America’s investment system is broken. That is how you are introduced by Michael Shuman to the concepts of community reinvestment set forth in his book Local Dollars, Local Sense. It is a call to action to shift our money from Wall Street to Main Street, to not only prosper individually, but to see our own communities thrive.
The argument by many, including myself, to reinvest in ourselves and our communities has been more of an emotional plea up until this point. In previous Reader’s Recommendations, I have been reading and recommending books more about the conceptual and ideological ways to build (or rebuild) our cities. That is all fine and dandy, but the way most Americans, investors, and governments think are in economic terms. “What’s in it for me?” Or, “If downtown is great, why aren’t people investing in it?” This book goes into great rational and factual economic reasons why it makes more sense than ever.
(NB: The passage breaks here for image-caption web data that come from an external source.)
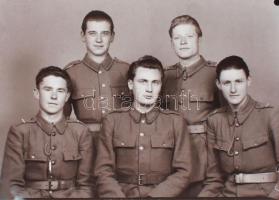 cca 1944 és 1955 között, katonákról készült műtermi portré felvételek, 21 db vintage síkfilm NEGATÍV...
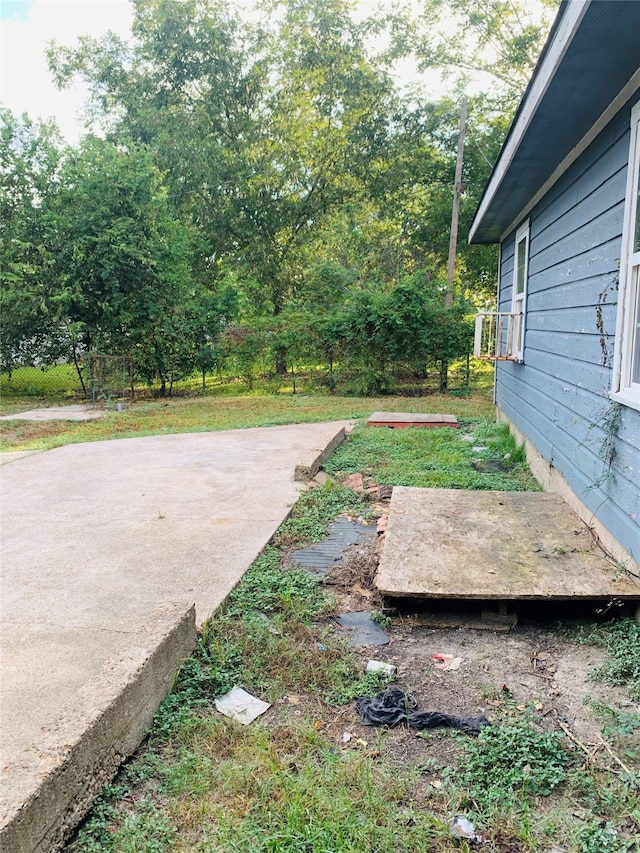 view of yard with a patio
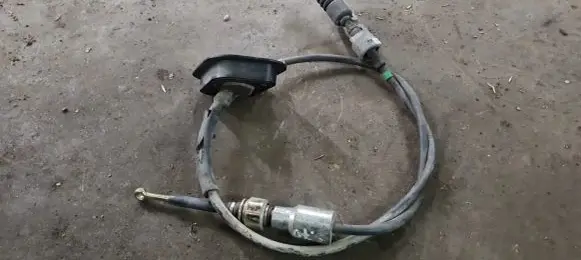 Volvo S70 V70 V70 XC Gear shift cable linkage 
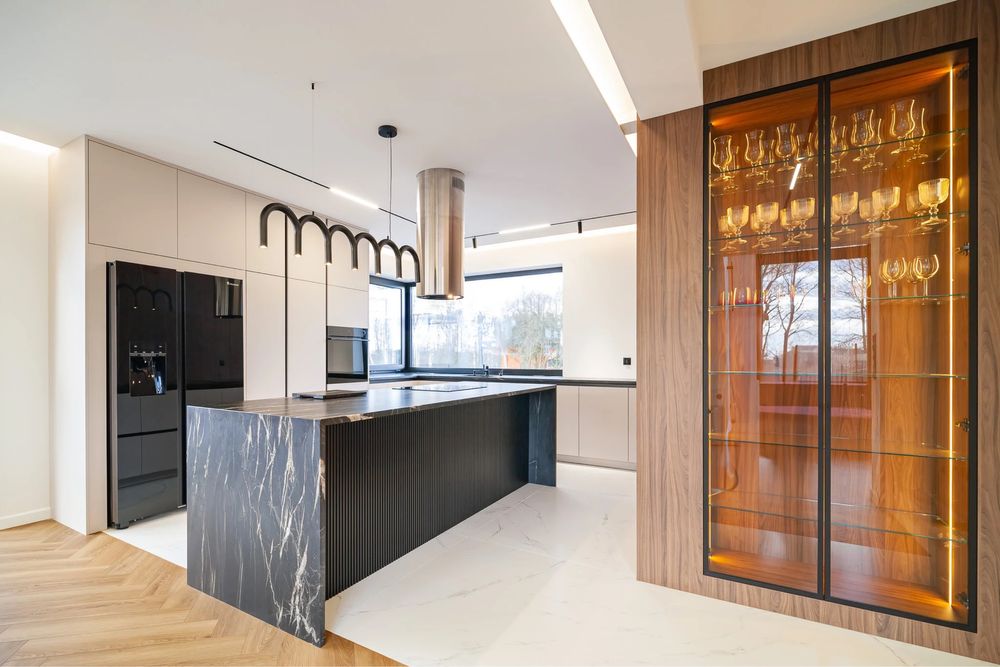 MOBILĂ LA COMANDĂ – Ieftin si Prompt -Cluj si Bistrita-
The average American passively invests in his or her retirement account for decades and hopes that come retirement time, they are able to live comfortably in their golden years. If this recent financial crisis has taught us anything, even when things were supposedly “the greatest times in our history,” we have more people ill-equipped for their own retirements than ever.
As the first chapter of Local Dollars, Local Sense highlights:
between 1871 and 2010, stocks listed by the S&P generated an annual rate of return of 2.6%.
This dispels the myth sold around financial advisory tables that you’ll see an average of 8% by investing in “the market.” This might come as a shock to most, but sadly it is the truth.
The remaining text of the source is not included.